While the Rev. Al Sharpton would rather see Golf Channel anchor Kelly Tilghman fired for a very foolish foot-in-the-mouth moment regarding her lynch comment than to have a far more sensible solution, say taking an educational stroll in a civil rights museum, his way of causing unrest among the two races are nothing compared to what happened today.

The white separatist group Nationalist Movement held a protest in Jena, La., a town that has seen its recent share of racial drama in the form of the Jena Six incident, where six black youths were accused of beating a white boy that sparked a controversial firestorm. Not only was Richard Barrett, the leader of the Nationalist Movement, and his group protesting the Jena Six incident but also the Martin Luther King Jr. holiday, reported the Associated Press.

And the New Black Panthers Party were also there with other counter-demonstrators who were protesting the Nationalist Movement, reported the Associated Press. A riot didn’t break out between the two extremist groups but it would almost be poetic if it did. But thankfully that fateful confrontation did not happen on a day set aside to appreciate the honest efforts of Martin Luther King Jr.

While many things have improved since King’s death there is much work that needs to be done but too many groups have their personal agendas. For example, Sharpton’s call for Tilghman to lose her job over her slip of the tongue. He is not helping race relations. Tilghman’s words did not have the intentions of racism. What the members of the Nationalist Movement said today at Jena did.
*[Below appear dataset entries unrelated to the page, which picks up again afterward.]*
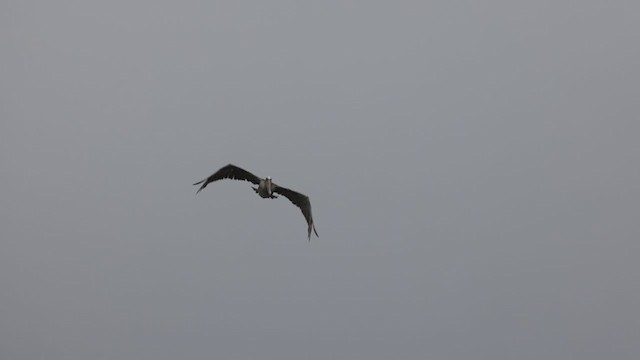Бурый пеликан (californicus) - ML358130461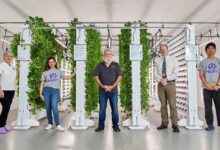 Faire pousser des fruits et légumes toute l'année avec l'Agrotunnel.
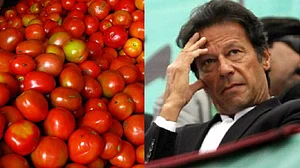 ’غریب پاکستان‘ میں مہنگائی کی زبردست مار، ٹماٹر فروخت ہو رہا 300 روپے کلو!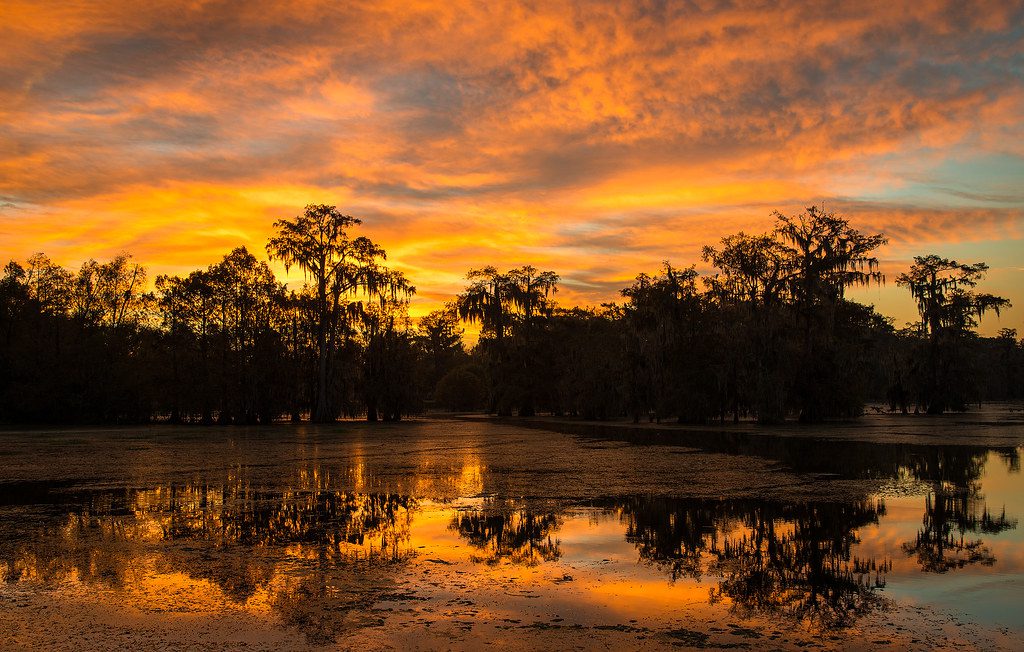 Clancy I. from Venice, CA @ 20th Bayouland Jamboree 2000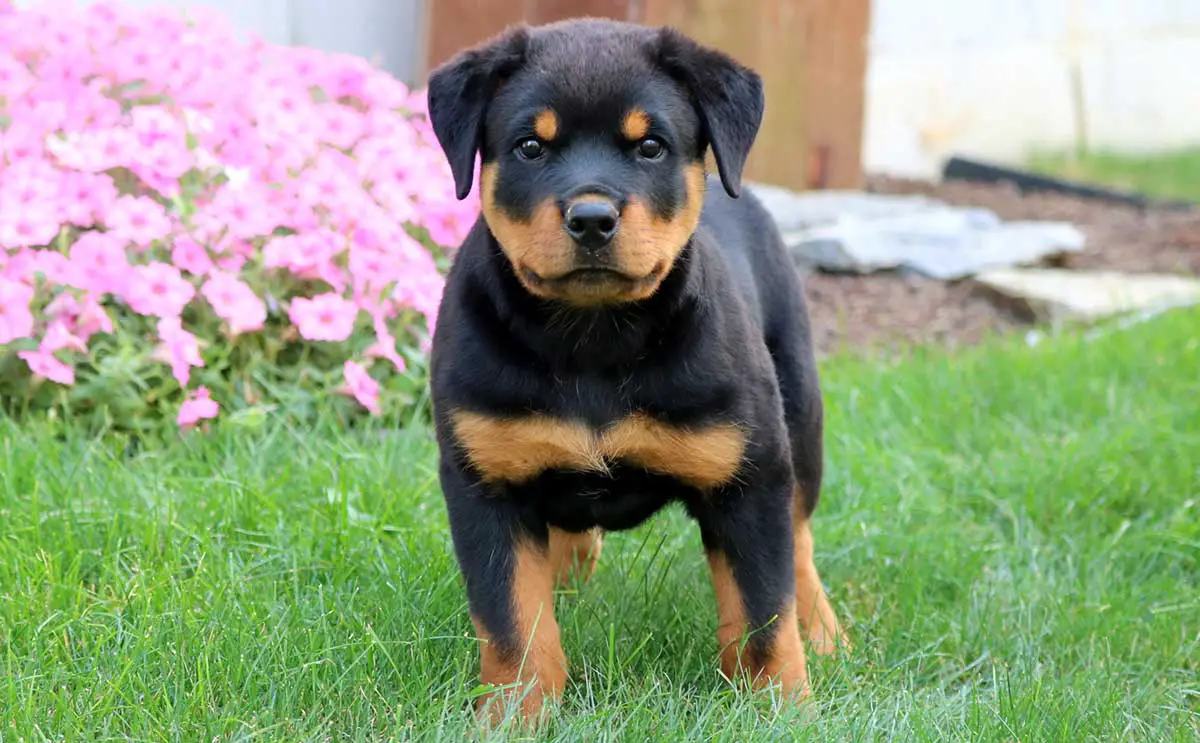 Rottweiler rescue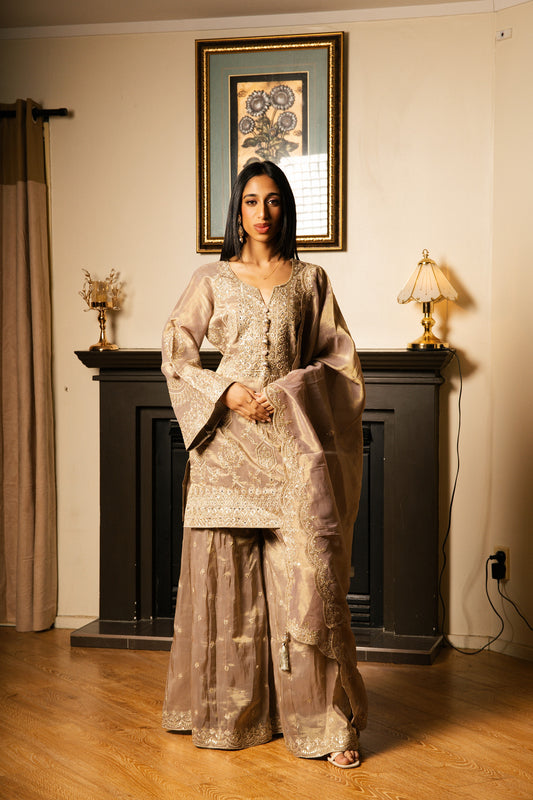 Sharara Set with Zari Handwork (Pakistani Sleeves)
That is true racism and that is the type of prejudice that needs to be attacked.

It’s that type of racism and prejudice that is holding back this great country of ours. Any type of racism, either from white separatists or black separatists are counterproductive and their views greatly clash with that mountain that was in a dream of equality for all.

And true racist white people like Barrett and his followers will never understand that this is our country, a country for everyone. And the black extremists need to understand that not all whites are racists. In their warped, twisted way, the two misguided groups who are preaching their hate fail to realize they are hurting the very people they have sworn to protect.

While these groups have the freedom and the right to speak and preach their hate, we also have the right to come together and protest that vile hate in the peaceful way that Martin Luther King Jr. called for.

And what’s more important is that while both the whites and the blacks peacefully protest these groups it is equally, if not far more important, that each race faces off against the radicals of their own race. The most critical blow to members of the Nationalist Movement is if whites stand up against them and tell them that their brand of help is not wanted.

And it would be a devastating upset to the New Black Panthers Party if black people told them that their militant beliefs are not for them.

The extreme views of these organizations have to be brought to light and fight the injustices they cause. They are eroding what this nation is supposed to stand for. And what is also chipping away at this nation’s pillar are the petty attacks and making a spectacle of someone who innocently used the wrong choice of words.

Fighting all forms of real prejudice is what the man who is honored today would have wanted. Let us not forget what Martin Luther King Jr. stood for and died trying to teach us how to accept one another.